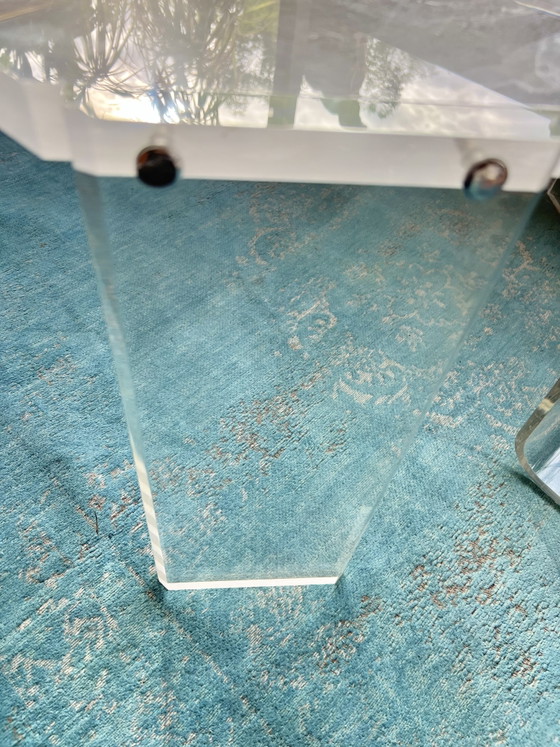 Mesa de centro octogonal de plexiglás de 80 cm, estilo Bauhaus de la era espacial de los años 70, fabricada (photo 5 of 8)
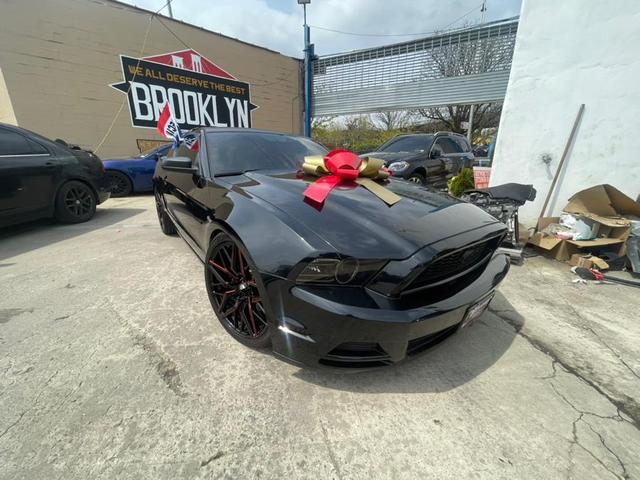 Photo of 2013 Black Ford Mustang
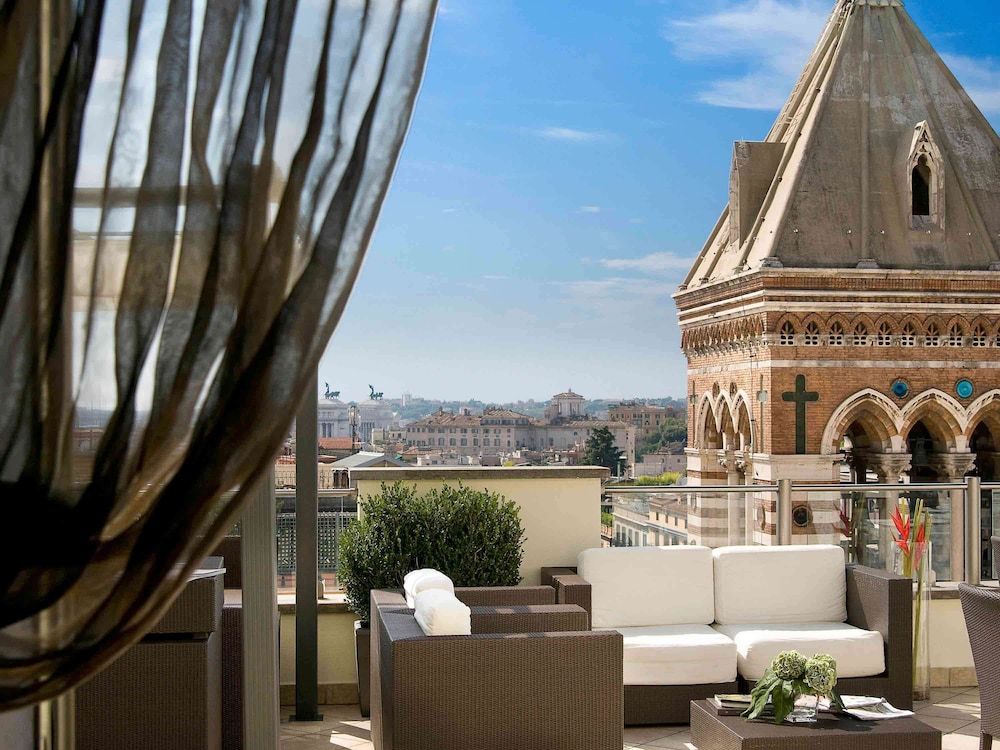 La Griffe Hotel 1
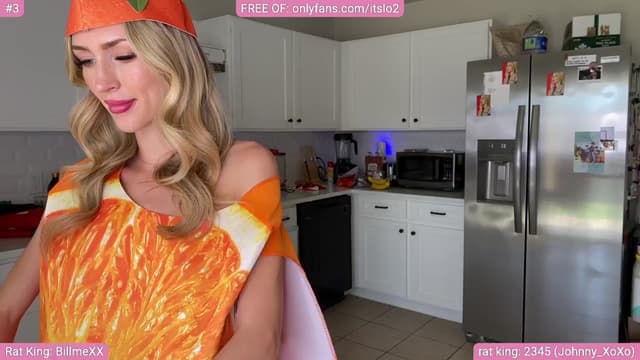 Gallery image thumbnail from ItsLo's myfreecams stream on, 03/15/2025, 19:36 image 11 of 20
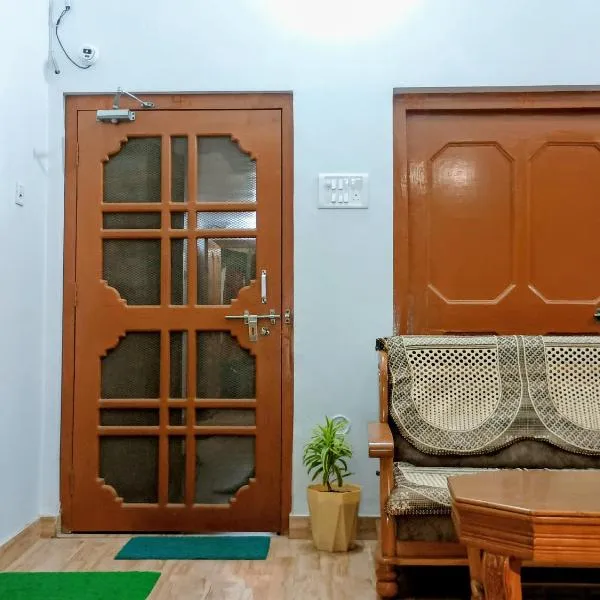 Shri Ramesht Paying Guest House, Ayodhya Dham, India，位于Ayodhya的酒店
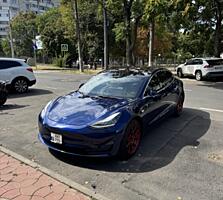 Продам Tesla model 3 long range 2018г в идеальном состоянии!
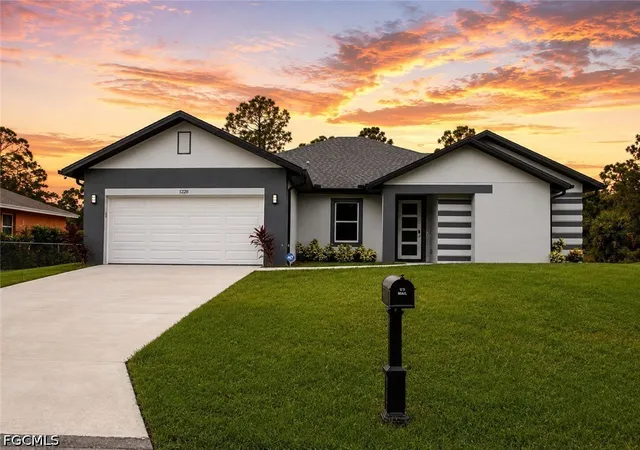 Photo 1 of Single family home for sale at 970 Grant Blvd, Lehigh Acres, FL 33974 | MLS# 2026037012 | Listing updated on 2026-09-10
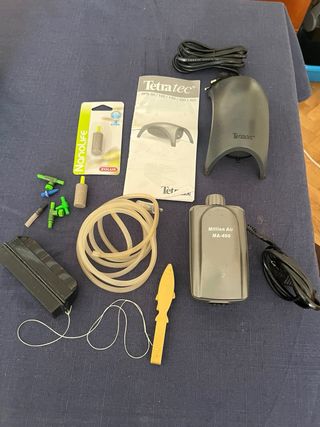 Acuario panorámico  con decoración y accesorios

----------------

Task requirements:
Apart from the pictures, every record must be set down exactly.

Output of the exercise:
 Mesa de centro octogonal de plexiglás de 80 cm, estilo Bauhaus de la era espacial de los años 70, fabricada (photo 5 of 8)
 Photo of 2013 Black Ford Mustang
 La Griffe Hotel 1
 Gallery image thumbnail from ItsLo's myfreecams stream on, 03/15/2025, 19:36 image 11 of 20
 Shri Ramesht Paying Guest House, Ayodhya Dham, India，位于Ayodhya的酒店
 Продам Tesla model 3 long range 2018г в идеальном состоянии!
 Photo 1 of Single family home for sale at 970 Grant Blvd, Lehigh Acres, FL 33974 | MLS# 2026037012 | Listing updated on 2026-09-10
 Acuario panorámico  con decoración y accesorios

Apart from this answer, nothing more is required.